• [Task brief]: Take the material below and output exactly the run of lines from the one containing "1st image of 407 Plantation Dr" down to the one containing "The Traveler model gri pe tricou", with both included.

━━━━━━━━━━━━━━━━━━━━━━━━━━━━━━

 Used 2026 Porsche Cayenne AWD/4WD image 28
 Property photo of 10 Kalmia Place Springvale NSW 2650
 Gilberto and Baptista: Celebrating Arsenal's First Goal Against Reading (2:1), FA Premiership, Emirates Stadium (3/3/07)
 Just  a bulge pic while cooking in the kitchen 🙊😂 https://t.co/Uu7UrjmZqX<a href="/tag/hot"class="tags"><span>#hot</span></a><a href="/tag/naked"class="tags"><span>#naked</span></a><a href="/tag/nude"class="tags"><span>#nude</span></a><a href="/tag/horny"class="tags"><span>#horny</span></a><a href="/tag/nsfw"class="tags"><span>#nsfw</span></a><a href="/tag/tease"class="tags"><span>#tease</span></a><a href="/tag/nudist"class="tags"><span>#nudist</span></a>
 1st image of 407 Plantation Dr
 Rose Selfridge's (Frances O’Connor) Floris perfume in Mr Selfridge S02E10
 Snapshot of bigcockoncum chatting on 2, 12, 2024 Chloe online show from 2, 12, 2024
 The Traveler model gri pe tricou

━━━━━━━━━━━━━━━━━━━━━━━━━━━━━━

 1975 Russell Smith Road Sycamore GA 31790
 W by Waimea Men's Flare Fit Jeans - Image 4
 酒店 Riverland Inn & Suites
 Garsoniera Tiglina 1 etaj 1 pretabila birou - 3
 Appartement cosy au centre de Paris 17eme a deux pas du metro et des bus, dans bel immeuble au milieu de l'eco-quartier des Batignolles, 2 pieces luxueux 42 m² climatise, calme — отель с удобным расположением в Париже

━━━━━━━━━━━━━━━━━━━━━━━━━━━━━━

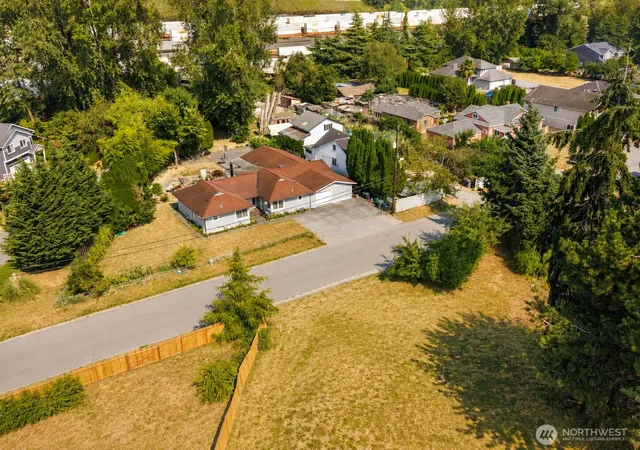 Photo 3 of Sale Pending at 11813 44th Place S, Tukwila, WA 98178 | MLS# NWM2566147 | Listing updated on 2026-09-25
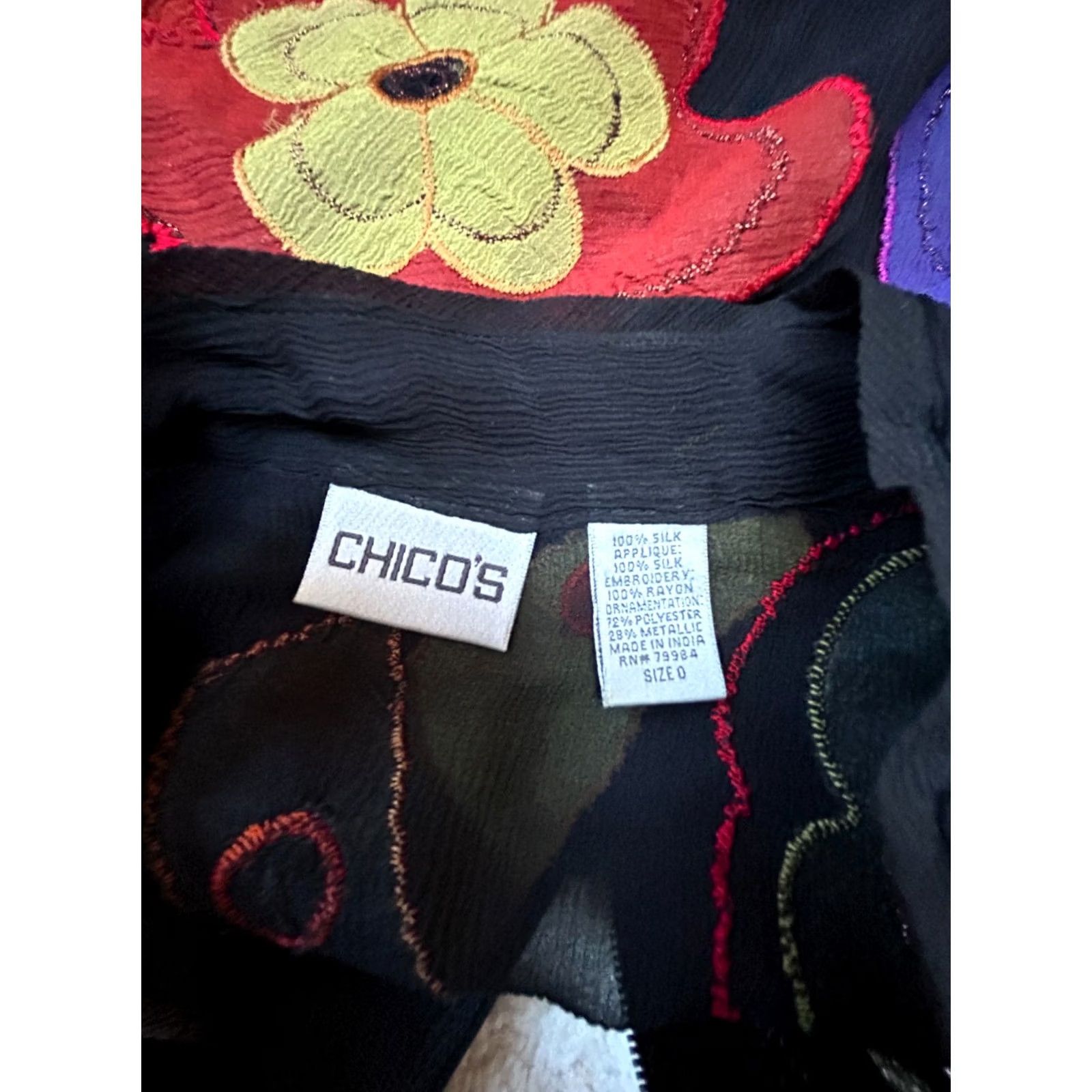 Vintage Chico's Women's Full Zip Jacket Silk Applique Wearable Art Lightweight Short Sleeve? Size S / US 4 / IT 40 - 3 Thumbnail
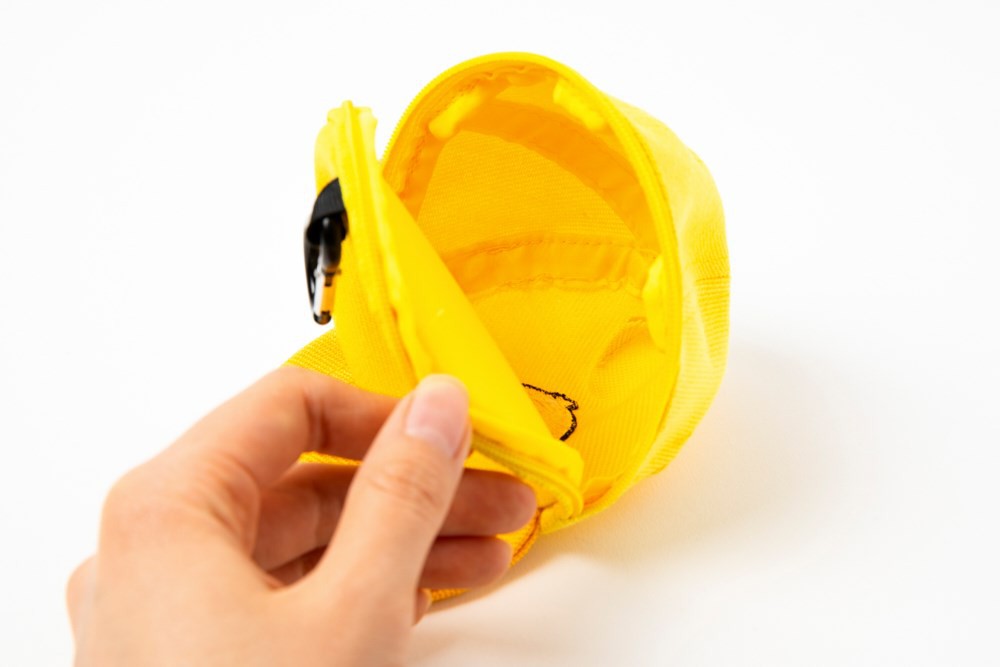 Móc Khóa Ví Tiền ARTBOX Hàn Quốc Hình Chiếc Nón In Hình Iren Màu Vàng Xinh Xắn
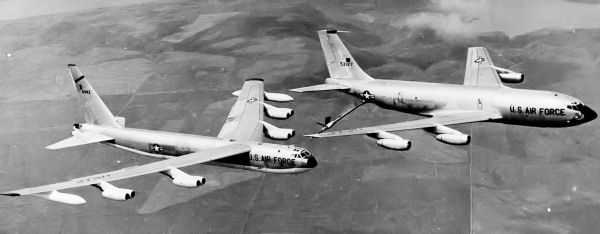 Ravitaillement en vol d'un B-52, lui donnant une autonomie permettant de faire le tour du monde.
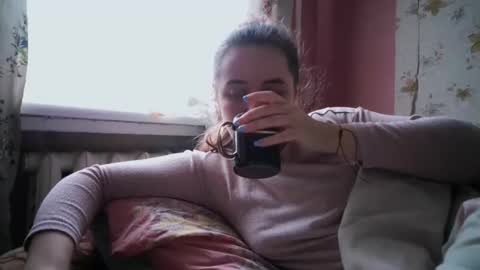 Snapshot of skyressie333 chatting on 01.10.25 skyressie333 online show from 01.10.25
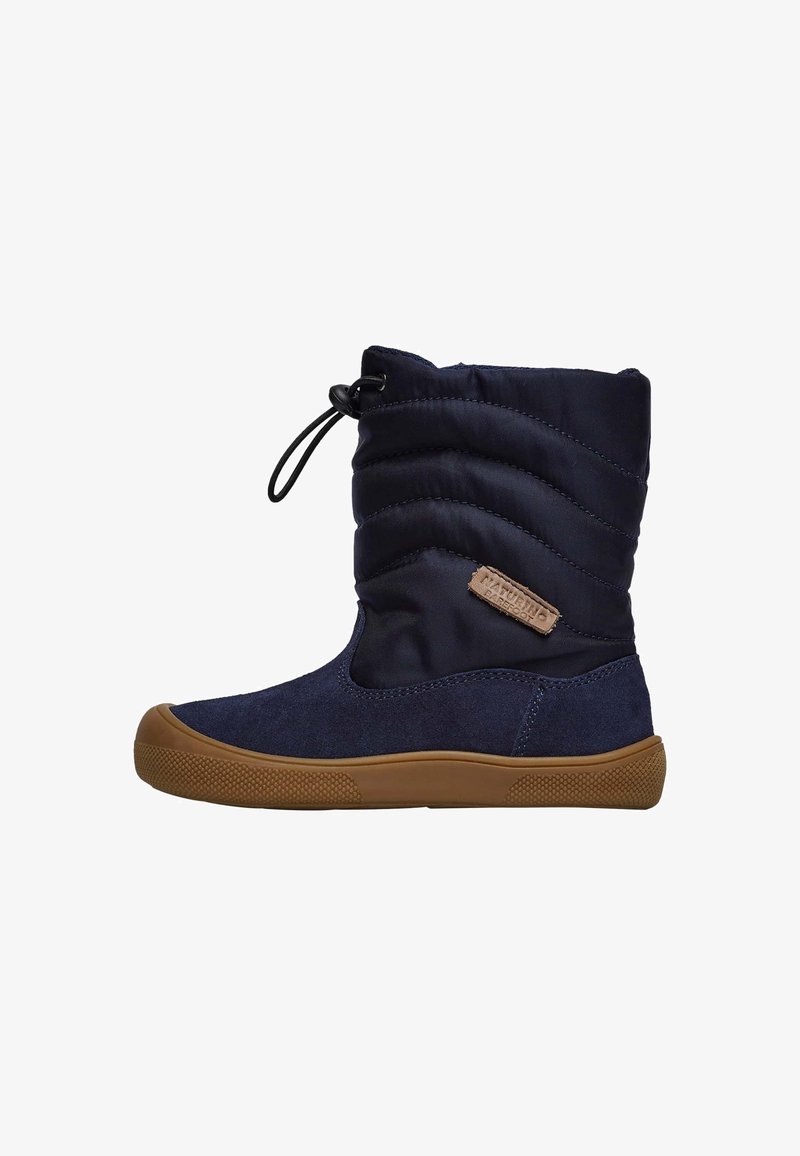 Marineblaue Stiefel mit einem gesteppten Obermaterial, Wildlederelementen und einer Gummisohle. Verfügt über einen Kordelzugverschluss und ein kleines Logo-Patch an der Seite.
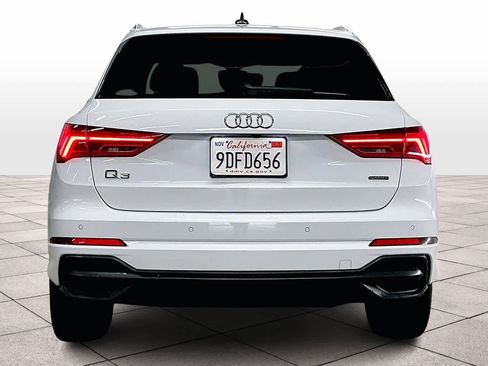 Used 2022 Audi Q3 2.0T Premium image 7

━━━━━━━━━━━━━━━━━━━━━━━━━━━━━━

• [Exercise result]:
 1st image of 407 Plantation Dr
 Rose Selfridge's (Frances O’Connor) Floris perfume in Mr Selfridge S02E10
 Snapshot of bigcockoncum chatting on 2, 12, 2024 Chloe online show from 2, 12, 2024
 The Traveler model gri pe tricou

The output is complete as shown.